Yeah I love that. Maybe its because she has a lot of roaning on her face.


----------



## happygoose123 (Jan 19, 2009)

yea i guess so, it looks awesome!!!!


----------



## New_image (Oct 27, 2007)

She looks like she has a wonderful personality!


----------



## CrazyChester (May 5, 2008)

She is showing more personality now then what she was when I first bought her. Thankyou everyone for your comments!


----------



## PaintedHooves (Sep 29, 2008)

I absolutely love her coloring! She has such a innocent, gentle face. Abby looks like a sweetheart.


----------



## Small_Town_Girl (Feb 15, 2008)

Wow how lucky you are to own such a gorgeous horse, wonderful
coloring! :shock:


----------



## CrazyChester (May 5, 2008)

Yes her patterns are very interesting! Roaning on her legs, neck and face and since her winter coat is coming through (Nearly winter here) she has a lot of brown flecks coming up on her body. 

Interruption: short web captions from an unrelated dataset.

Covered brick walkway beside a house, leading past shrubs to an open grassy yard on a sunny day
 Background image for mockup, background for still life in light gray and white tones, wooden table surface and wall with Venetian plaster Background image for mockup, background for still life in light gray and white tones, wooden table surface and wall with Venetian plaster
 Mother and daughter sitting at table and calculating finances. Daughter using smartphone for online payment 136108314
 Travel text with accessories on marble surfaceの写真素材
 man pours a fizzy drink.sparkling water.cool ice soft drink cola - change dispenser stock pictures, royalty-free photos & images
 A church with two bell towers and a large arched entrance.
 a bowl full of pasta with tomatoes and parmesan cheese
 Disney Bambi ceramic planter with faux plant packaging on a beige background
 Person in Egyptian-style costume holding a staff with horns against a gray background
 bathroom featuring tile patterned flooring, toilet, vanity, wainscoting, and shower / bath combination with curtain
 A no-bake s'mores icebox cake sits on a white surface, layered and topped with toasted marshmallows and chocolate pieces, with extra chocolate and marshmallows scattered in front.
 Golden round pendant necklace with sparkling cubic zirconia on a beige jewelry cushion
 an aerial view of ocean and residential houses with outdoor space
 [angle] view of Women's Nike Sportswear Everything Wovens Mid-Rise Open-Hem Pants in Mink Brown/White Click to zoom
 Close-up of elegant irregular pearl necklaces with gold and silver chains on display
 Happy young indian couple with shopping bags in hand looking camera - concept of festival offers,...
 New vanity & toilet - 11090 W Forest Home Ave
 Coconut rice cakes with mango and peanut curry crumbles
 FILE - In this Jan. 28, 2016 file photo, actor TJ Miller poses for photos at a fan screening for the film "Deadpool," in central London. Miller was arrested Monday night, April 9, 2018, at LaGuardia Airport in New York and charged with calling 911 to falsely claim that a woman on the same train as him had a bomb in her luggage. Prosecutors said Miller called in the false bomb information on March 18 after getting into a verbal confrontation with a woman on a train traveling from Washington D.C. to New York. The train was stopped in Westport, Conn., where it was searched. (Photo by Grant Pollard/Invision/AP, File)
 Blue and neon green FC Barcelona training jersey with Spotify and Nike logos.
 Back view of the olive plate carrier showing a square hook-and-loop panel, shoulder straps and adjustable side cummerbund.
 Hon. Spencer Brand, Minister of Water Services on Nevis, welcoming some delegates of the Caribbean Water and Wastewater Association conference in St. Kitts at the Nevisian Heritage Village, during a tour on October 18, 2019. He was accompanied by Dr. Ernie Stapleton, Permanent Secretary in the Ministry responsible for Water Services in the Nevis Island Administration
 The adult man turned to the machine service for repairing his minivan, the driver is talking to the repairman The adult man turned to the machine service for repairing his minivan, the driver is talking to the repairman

Here is a picture of her in Summer:












Do you guys mind if I post update pictures everytime I take my camera out there?


----------



## Laura12345ABC (Apr 8, 2009)

interesting colour of these horse , cute pictures


----------



## CrazyChester (May 5, 2008)

Thankyou


----------



## my2geldings (Feb 18, 2008)

I love the look on your horse's face. Very neat coloring. Interesting fencing as well. Never seen it before 

Great Pics!


----------



## Tayz (Jan 24, 2009)

Awww...he is so cute!
Is he a horse or pony??


----------



## CrazyChester (May 5, 2008)

She is a pony.


----------